Normative HR data

The question was,

“whay can’t I get my HR up as high paddling as I can running or biking?”

Heart rates are very individual and to complicate matters further vary dramatically from sport to sport for any one person due to body position, exercising muscle mass, sport specific training experience, past sports experience, age, etc.

I came to kayak and surfski from an Olympic, 1/2 Ironman and Ironman triathlon background. Initially I had a trouble getting my heart rate elevated. With proper technique training and more sport specific workouts my peak paddling HR slowly increased. I can now (6 years of correct paddle sport training later and almost 30 lbs heavier) hold nearly the same peak HR when racing in K1, surfski, cycling, running and swimming (race at over 180, peak at close to 195).
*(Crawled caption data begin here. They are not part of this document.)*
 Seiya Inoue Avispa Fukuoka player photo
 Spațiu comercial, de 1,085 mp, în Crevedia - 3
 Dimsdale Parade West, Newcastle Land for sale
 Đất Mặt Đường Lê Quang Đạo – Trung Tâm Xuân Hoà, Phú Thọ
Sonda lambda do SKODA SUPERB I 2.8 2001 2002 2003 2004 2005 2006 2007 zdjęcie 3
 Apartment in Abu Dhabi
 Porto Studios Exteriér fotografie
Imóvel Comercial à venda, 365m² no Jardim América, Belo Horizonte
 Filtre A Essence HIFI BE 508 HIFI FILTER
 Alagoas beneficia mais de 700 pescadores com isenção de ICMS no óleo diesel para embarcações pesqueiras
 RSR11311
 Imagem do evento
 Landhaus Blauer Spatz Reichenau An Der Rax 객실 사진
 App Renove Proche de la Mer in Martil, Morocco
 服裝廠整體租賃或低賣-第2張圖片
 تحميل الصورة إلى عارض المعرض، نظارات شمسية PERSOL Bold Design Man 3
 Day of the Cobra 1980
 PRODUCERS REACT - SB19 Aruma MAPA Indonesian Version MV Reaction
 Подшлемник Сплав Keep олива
I have found that paddling is no where near as taxing as weight bearing sports such as running, xc skiing and to some degree cycling. My aerobic fitness (not performance) decreases rapidly when I stop cross-training while paddling. So for someone well training in weight bearing aerobic sports, paddling may well push them as hard aerobically (at first), until they learn to use more muscle mass in the movements (i.e. core and legs).

I would suggest that it is not your lack of upper body muscle mass that limits your peak HR and VO2 in paddling, but your inability to use the proper muscle mass at this time. Resistance training in the gym should focus not on increasing strength or muscle mass, but on learning how to use your core strength and sequencing of muscle activation from the core to the extremities (as with cycling – hip movement first then knee then ankle). Proper technique will also minimize the risk of shoulder injuries, and if all you do is technique work for the next while, you’ll still get a lot faster than if you focus on strength building or pounding off intervals.